What led you to create your latest installation The Pollination Dance?
The inspiration is pollination, the changing of the seasons and the passing of time. The collaboration is about celebrating the important role that pollinators play in ensuring biodiversity, but also to admire the beauty and mystery of the pollination act itself. It is a fleeting moment full of joy and vitality.
Your first debuted the piece at the House of Wonder, did Tokyo influence your work, as you put the final touches to the piece?
Japan was always an inspiration. Things like Japanese zen gardens for contemplation were very influential in creating the architecture of the art installation.
You work outside of Mexico City on a farm, how long have you had that space and how do you use it to influence your work?
I don´t own the farm but I work with a community of indigenous farmers outside of Mexico City and we have been working together to find ways to preserve their traditional farming within their ancestral lands by combining design, and the creation of new materials from the by-products of their crops. That collaboration has greatly influenced my work because they have taught me how everything in nature is interconnected and how with a proper knowledge of these interconnections we can strike a balance where plants, animals and humans work together to create abundance.
How does working in rural Mexico, and not Mexico City, show itself in your designs?
Mexico is a place that wherever you are you are very close to natural materials, it is easy to go to the source there and to find people to help you make your vision a reality without the need of big investment or machinery. Craft and proximity to nature is what makes Mexico so special.

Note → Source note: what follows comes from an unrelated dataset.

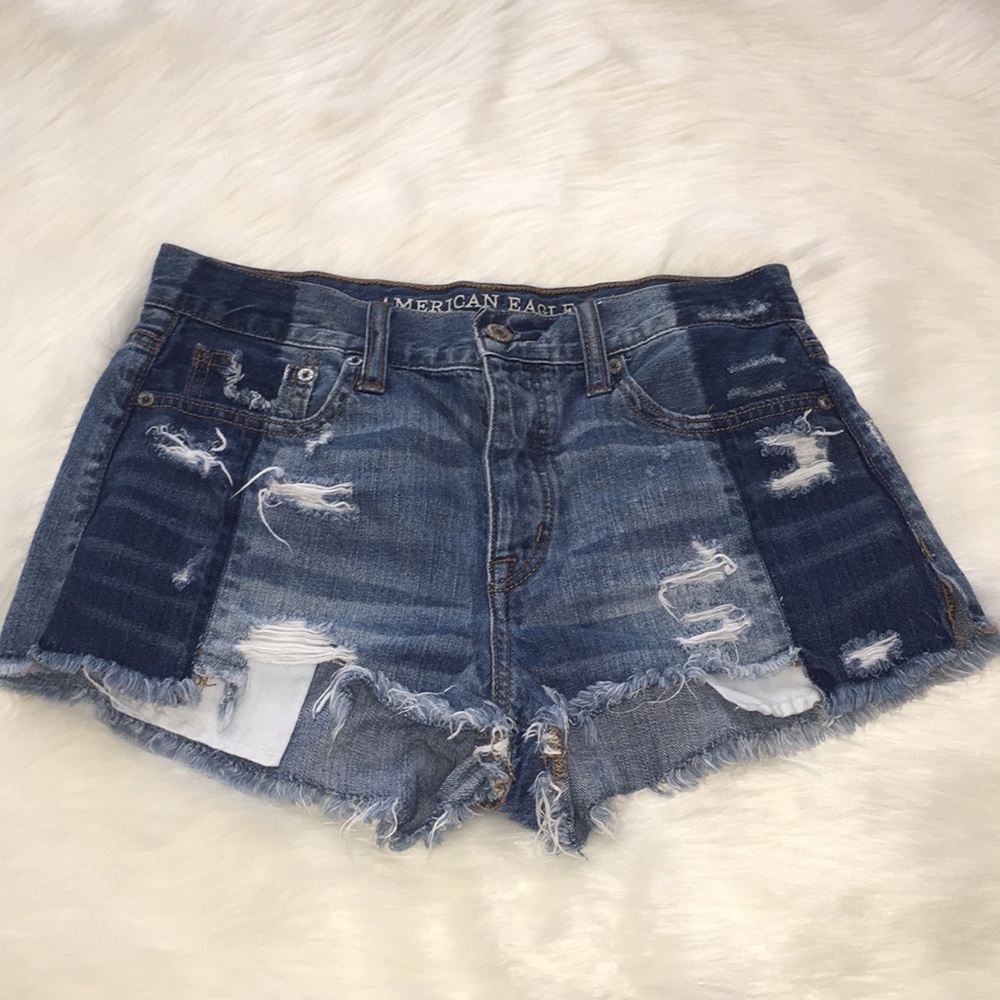-Vintage High Rise Shorts-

Many people know of Mexico City as a creative place, but not so much the surrounding countryside. What’s a draw for you about rural Mexico that people don’t know?
Most of the things we associate with Mexican culture and gastronomy actually come from our indigenous population. It has been their resilience to withstand modernization that has given us the cultural capital that the world is so obsessed with now. Unfortunately they are still some of the most marginalized and unrecognized communities. If you want to go to the source and to learn from them in a respectful way, you have to go to the countryside.
You’ll be showing The Pollination Dance at Design Miami, how do you want audiences to interact with the work there?
Miami will be an even bigger and more ambitious version of the show in Japan, but with the same principles in mind. We are including poetry readings in the space related to pollination and I am very excited to see how people will react to that, and immerse themselves in the experience.